Van Morrison sempre
teve um gosto por projetos distintos ao longo da sua carreira.
Um dos pontos altos de sua extensa discografia aconteceu em 1998,
quando se juntou a dois heróis pessoais, Lonnie Donegan
e Chris Barber e gravou um álbum ao vivo que virou uma
referência depois, The Skiffle Sessions. Um disco surpreendente,
que mostra um estilo praticamente esquecido, ms que foi vital
para que Beatles, Rolling Stones (e o próprio Van) dessem
seus primeiros passos na música.
A
idéia sempre esteve na mente de Van.
Apaixonado pela música
desde criança, Van Morrison tinha a idéia de gravar
um álbum de skiffle há mais de 20 anos.
Seu velho amigo, o pianista Dr. John relata que o bardo irlandês
já tinha confessado o sonho em 1977. "eu comecei em
um grupo de skiffle, como milhões de outros artistas...".
Ironicamente, coube a ele, 20 anos depois, abrir as portas do
mundo - novamente ao estilo. O skiffle foi
uma das grandes paixões de sua vida e ainda menino tocou
no grupo The Sputnicks. O estilo era considerado um jazz bem mais
rudimentar, onde os jovens usavam violões, banjos e improvisavam
baixo com um cabo de vassoura preso à uma caixa de chá
e a bateria era feito com tábuas de passar roupas.
Além
disso, eram usadas instrumentos de sopros e qualquer outra coisa
onde se pudesse fluidez ao estilo, como batucar, em garrafas,
por exemplo. O ritmo era rápido, leve, lembrando um pouco
o country e o western. A primeira banda de John
Lennon foi O Quarrymen Skiffle Group.
E
se Van Morrison e John Lennon foram gigantes no rock, ninguém
foi maior, no skiffle, do que o escocês Anthony
James Donegan. Nascido em Glasgow, em 29 de abril de 1931, Tony
- como era chamado - tinha a música no sangue, já
que seu pai era violinista da Orquestra Nacional da Escócia.
A vida do pequeno Tony
não foi fácil e, aos dois anos, se mudou para Londres,
após se divorciar do pai dele. Desde menino, começou
a tocar violão, motivado pelas big bands dos anos
30 e 40.
Um pouco mais tarde, na
segunda metade dos anos 40, Tony - ainda não havia adotado
o nome artístico de Lonnie - conhece o trombonista Chris
Barber, que procurava alguém que soubesse tocar banjo.

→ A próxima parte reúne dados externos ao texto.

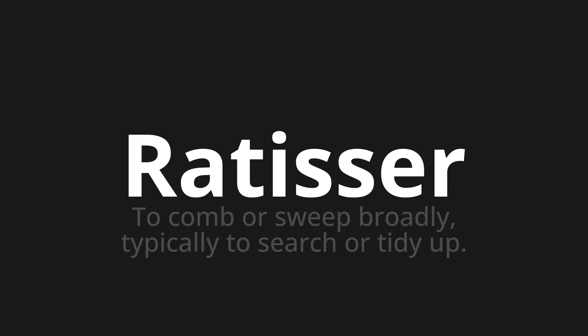Welcome to this pronunciation video. Today we will be focusing on a new word that you might find challenging or intriguing. So let's dive into today's word, which means to comb or sweep broadly, typically to search or tidy up.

Tony compra uns discos e passa horas aprendendo de ouvido.
Em
1952, após servir o exército mostra o Tony Donnegan
Band e após abrirem um show do bluesmen Lonnie
Johnson, resolve adotar o nome de Lonnie Donegan.
O nome foi "adotado
oficialmente" quando um apresentador erra o nome dos dois,
apresentado-os como Tony Johnson e Lonnie Donegan. A partir daí,
ganharia seu nome definitivo.
No mesmo ano, ele e Chris
Barber resolvem se juntar e formam a Chris Barber Jazz Band. Mas
o nome durou pouco tempo, quando o trumpetista inglês Ken
Coyler retorna de New Orleans e é convidado para integrar
o grupo.
Coyler faz mais do que isso, toma a banda para si e a
rebatiza de Ken Coyler's Jazzmen, especializada em dixieland e que faz sua primeira apresentação em 11 de abril
de 1953, na Dinamarca. No dia seguinte, gravam pela primeira vez
para o selo Storyville Records. Seria a primeira vez que Lonnie
precisava em um estúdio.
O
aprendizado com Coyler e Barber foi vital para Donegan, que logo
virou um perito no banjo e no violão, e que logo começa
a ter mais liberdade nos shows para fazer alguns números,
ao lado de Barber.
Donegan começa a desenvolver um estilo
baseado em country, western, blues e jazz, com um ritmo
acelerado. Nascia o skiffle, nome dado por Coyler e que
rebatizou, espertamente, o grupo de Ken Coyler's Skiffle Group.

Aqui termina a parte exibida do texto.